Let $(M,g)$ be a geodesically complete Riemannian manifold, and let $f: M\to \mathbb{R}^+$ be a smooth, bounded strictly positive function on $M$; i.e., there exist $L,A\in \mathbb{R}^+$ such that $0<L<f(m)<A<\infty$ for all $m\in M$. Since $f$ is positive, $f^2g$ defines a metric on $M$. Since $(M,g)$ is geodesically complete, is $(M, f^2g)$ also geodesically complete?

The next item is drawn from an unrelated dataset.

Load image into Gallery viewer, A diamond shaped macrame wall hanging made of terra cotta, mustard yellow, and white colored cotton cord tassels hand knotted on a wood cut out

(Note: This question was inspired as a generalization of another question posed recently about the geodesic completeness of $\mathbb{R}\times \mathbb{S}^{n-1}$, given a warped metric $ds^2=dr^2+\psi^2d\theta^2$ where $dr$ and $d\theta$ are the metrics from $\mathbb{R}$ and $\mathbb{S}^{n-1}$ respectively and $\psi$ is a positive function on $\mathbb{R}\times \mathbb{S}^{n-1}$.)
Best Answer
Let $L=\inf_{m\in M}(f(m))$ and $A=\sup_{m\in M}(f(m))$. By assumption $L, A$ exist and are positive. We define two metric structures, $d,d': M\times M\to \mathbb{R}^*$, $$d(x,y)=\inf \bigg\{\int_{0}^1( g_{ij}\dot{\gamma}^i\dot{\gamma}^j)^{1/2}dt: \gamma \text{ is a piecewise differentiable curve from } a \text{ to } b \bigg\}$$ And $$d'(x,y)=\inf \bigg\{\int_{0}^1( f^2g_{ij}\dot{\gamma}^i\dot{\gamma}^j)^{1/2}dt: \gamma \text{ is a piecewise differentiable curve from } a \text{ to } b \bigg\}$$
Since $(M,g)$ is geodesically complete, $d$ makes $M$ into a complete metric space by the Hopf-Rinow theorem. It suffices to show that the metrics $d$ and $d'$ are strongly equivalent, i.e. for all $x,y$ in $M$, there exist $\alpha,\beta\in \mathbb{R}$ such that $\alpha d(x,y)\leq d'(x,y)\leq \beta d(x,y)$. We can see that for any piecewise differentiable curve $\gamma:[0,1]\to M$ such that $\gamma(0)=x$ and $\gamma(1)=y$ we have $L(g_{ij}\dot{\gamma}^i\dot{\gamma}^j)^{1/2}\leq(f^2g_{ij}\dot{\gamma}^i\dot{\gamma}^j)^{1/2}\leq A(g_{ij}\dot{\gamma}^i\dot{\gamma}^j)^{1/2}$ implying that $$L\int_{0}^1(g_{ij}\dot{\gamma}^i\dot{\gamma}^j)^{1/2}dt\leq \int_{0}^1 (f^2g_{ij}\dot{\gamma}^i\dot{\gamma}^j)^{1/2}dt\leq A\int_{0}^1(g_{ij}\dot{\gamma} ^i\dot{\gamma} ^j)^{1/2}dt$$ and hence $$Ld(x,y)\leq d'(x,y)\leq Ad(x,y)$$ So $d$ and $d'$ are strongly equivalent. Because $(M,d)$ is a complete metric space and $(M,d')$ is strongly equivalent to $(M,d)$, then it is also a complete metric space and $(M,f^2g)$ is geodesically complete.